Tout d’abord, on constate que législateur a utilisé le terme « Il faut œuvrer », qui signifie que la règle prévue est une règle impérative et que sa violation entraîne normalement la nullité de la liste l’ayant transgressée.

Ensuite, le fait de donner à la règle du tiers prévue dans le cadre de l’article 17 susvisé, une force obligatoire est le prolongement logique de l’article 19 de la constitution marocaine et aussi du quota obligatoire qui s’impose aux listes électorales pour participer aux élections.

De ce fait, les candidats à la présidence des élections doivent impérativement respecter ladite règle en proposant une liste des vice-présidents dont le tiers est consacré aux femmes, sous peine de nullité, qui constitue la sanction logique de tout acte ou fait pris en violation d’une disposition réglementaire et législative obligatoire.

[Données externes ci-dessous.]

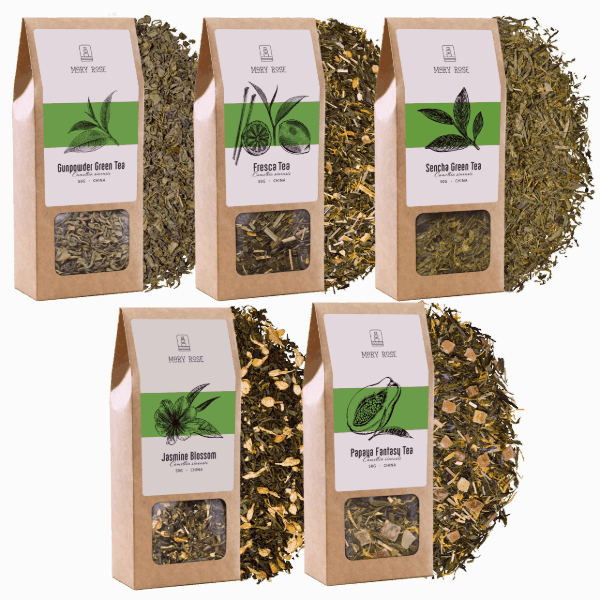 Set de Thé Mary Rose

D’une autre part, lorsqu’on qualifie la règle du tiers prévue à l’article 17 de la loi 113.14 de règle impérative, cela vaut qu’aucune dérogation à ladite règle ne soit concevable. Surtout que dans certains cas, et pour se débarrasser d’une telle disposition certains candidats hommes imposent aux femmes de se retirer volontairement.

Raison pour laquelle nous considérons, que le législateur a voulu consacrer une représentativité stable aux femmes à travers l’article 17-6, et que les tribunaux administratifs doivent normalement prononcer la nullité de toute liste qui ne la respecte pas, en l’absence d’un motif valable et réel et non pas une seule renonciation guidée par des considérations personnelles.

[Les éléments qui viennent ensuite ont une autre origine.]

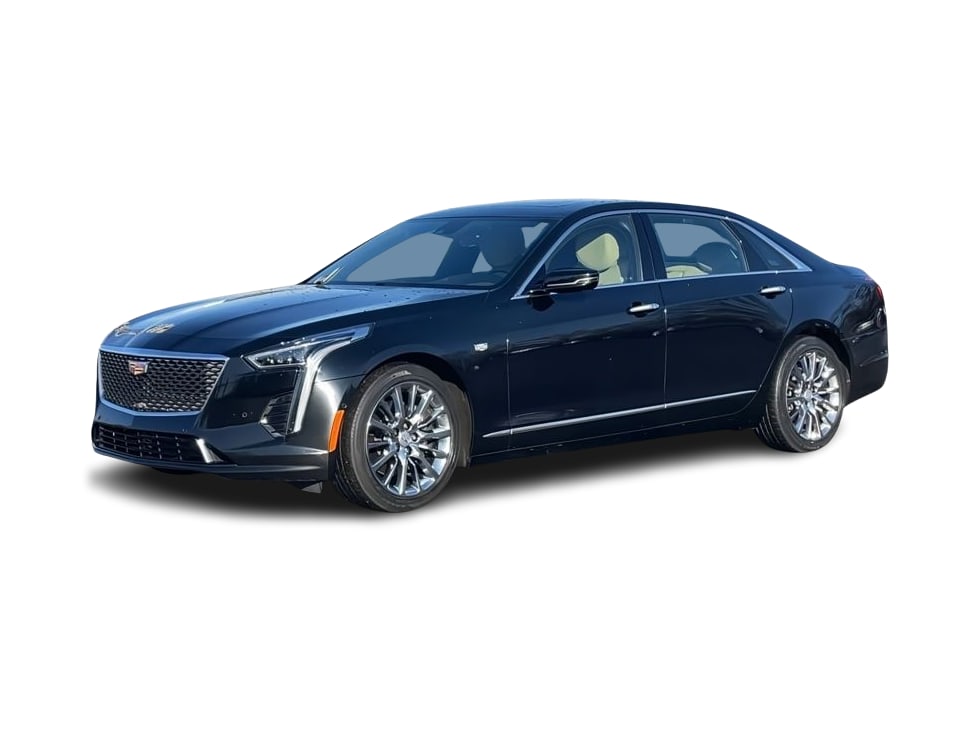 Thumbnail: 2019 Cadillac CT6 - 3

D’ailleurs ce raisonnement juridique a été déjà affirmé par le Tribunal administratif de Rabat ayant annulée l’élection des vices présidents du conseil communal de Rabat en raison de la violation de l’article 17-6 de la loi 113-14, par un jugement n°4295 du 1er Octobre 2015.

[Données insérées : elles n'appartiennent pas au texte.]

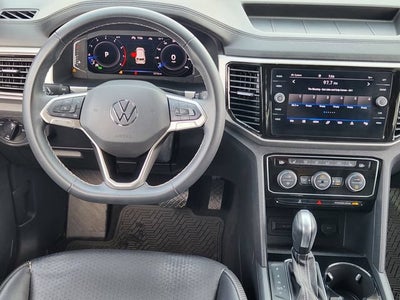 2022 Volkswagen Atlas Cross Sport 3.6L V6 SE w/Technology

De même, il est indispensable de réaffirmer que la Constitution marocaine a prévu dans le cadre de son préambule que les conventions ratifiées par le Maroc priment sur les lois nationales. A cet effet, le Maroc a ratifié plusieurs conventions qui imposent au royaume de prendre des mesures efficaces pour renforcer la représentativité des femmes. Il en est par exemple de l’article 3 de la convention internationale de lutte contre toutes les formes de discrimination contre les femmes.

Il en résulte que la règle prévue par l’article 17-16 de la loi 113.14 est une règle d’ordre public, et par conséquent une règle impérative qui s’imposent obligatoirement tant qu’aucun motif valable ne permis de s’y déroger (comme par exemple le fait de l’absence de femmes élues pour remplir le tiers parmi les vices présidents du conseil communal).

Des analyses qui précèdent-t-on peut tirer deux conclusions :

1- La règle prévue par l’article 17-6 de la loi 113.14 est une règle impérative et d’ordre public. Les parties ne peuvent s’y déroger que par un motif réel, comme l’absence de femmes pour remplir le quota exigé. A défaut, la seule volonté ou la renonciation personnelle des femmes élues ne permis pas de violer ladite règle car la volonté du législateur est d’assurer inévitablement une représentativité efficace et durable. Cela résulte d’un raisonnement logique qui s’explique par les dispositions constitutionnelles et aussi par les exigences préalables déjà imposées aux partis politiques pour participer aux élections, et qui visent notamment à renforcer la représentativité des femmes.

2- Les tribunaux administratifs et surtout la Cour de cassation doivent assurer une interprétation uniforme qui coupe la voie aux manipulations, qui consistent souvent à imposer aux femmes élues de se retirer, car à défaut, la règle demeurera toujours inefficace et sans aucun effet, et on n’aboutira jamais au degré de représentativité estimée et escomptée.